I brought this observation to my senior engineer. Together, we did something simple but effective: we compared our test environment code with our QA environment, which wasn't experiencing any connection leaks.

The key difference? We had a third-party integration that was toggled on in Test but disabled in QA.

We dove into that integration code, examining every database call. And there it was.


Root Cause & Resolution: The Uncommitted Transaction

Buried in the integration code was a database transaction that was never committed or rolled back. It just... hung there. Every time the integration ran, it opened a transaction, consumed a connection, and never released it.

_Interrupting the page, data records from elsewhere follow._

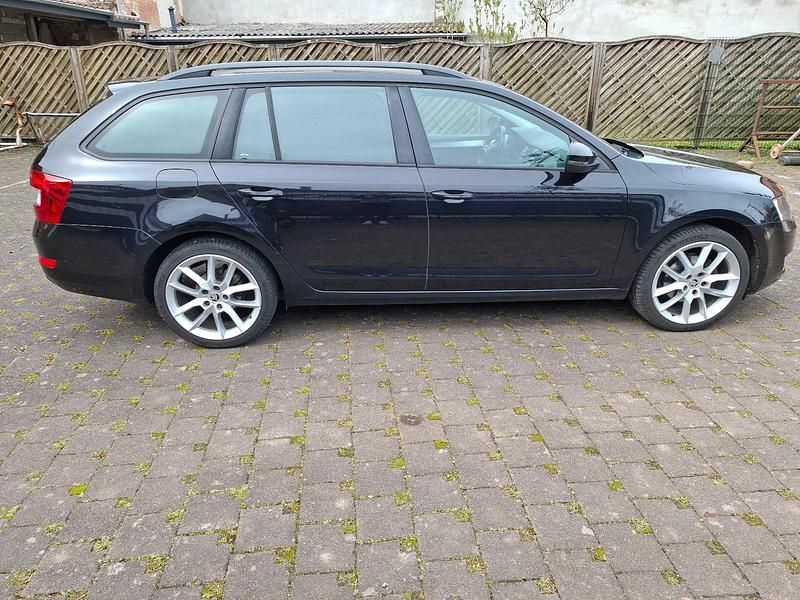 Gebraucht Skoda Octavia 105 PS (77 kW) 2014 Schwarz Kleinwagen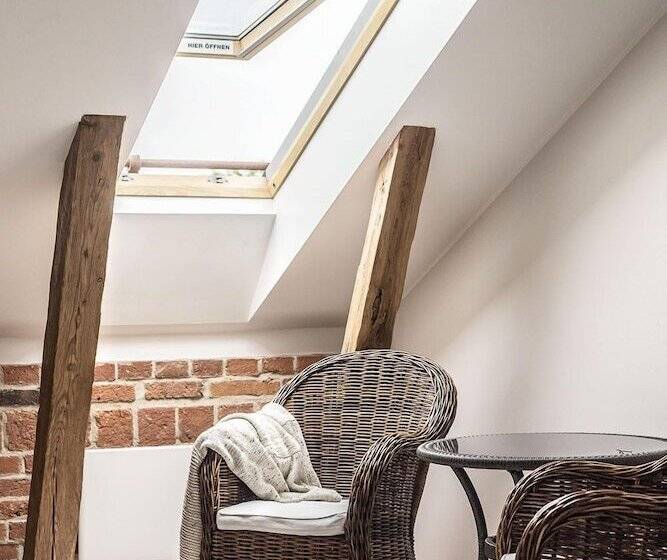 Номер Стандарт, Stationen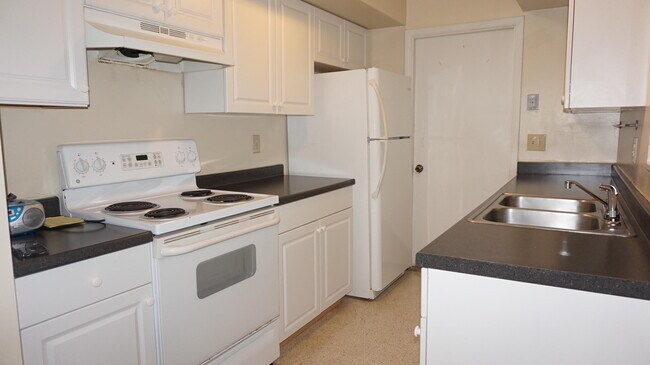Building Photo - 482 SE Verada Ave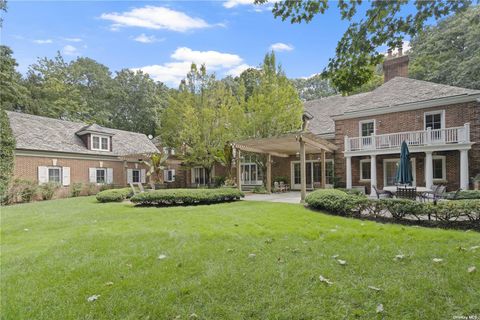 820 Bryant Avenue Roslyn Harbor NY 11576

// The problematic pattern (simplified):
await sequelize.transaction(async (t) => {
  await SomeModel.update(data, { transaction: t });
  // Missing commit/rollback
  // Transaction left hanging
});

The Fix:
We removed the problematic transaction handling code and ensured proper connection management throughout the integration.

The Deployment:
We immediately patched the fix into our next release.

Workflow Architecture


Lessons Learned

This two-day debugging marathon taught me more than I expected:

Technical lessons:

  • Connection leaks can hide in unexpected places—don't assume the obvious component is the culprit
  • Systematic elimination is your friend. Rule out hypotheses one by one
  • Pattern recognition is crucial. Sometimes the bug reveals itself through consistent behavior
  • Environment comparison is a powerful debugging technique

Personal growth:

  • I explored concepts I'd never encountered before (Durable Functions internals, transaction management nuances)
  • Debugging difficult problems is genuinely fun when you approach it with curiosity
  • The satisfaction of finally solving a tricky bug is incredibly fulfilling

Process insights:

  • Always ensure transactions have explicit commit or rollback logic
  • Test integrations in isolation before enabling them in production environments
  • Monitoring tools like Azure Monitor are invaluable for identifying patterns

Key Takeaways

If you're dealing with connection leaks in serverless environments:

  1. Don't trust your assumptions - Test each hypothesis systematically
  2. Look for patterns - Consistent behavior often points to the root cause
  3. Compare environments - What's different between working and broken systems?
  4. Check your transactions - Ensure every transaction is properly committed or rolled back
  5. Embrace the challenge - Complex bugs are opportunities to deepen your understanding

There's something deeply satisfying about solving difficult problems. This bug pushed me to understand our system architecture at a deeper level and gave me confidence to tackle even trickier issues in the future.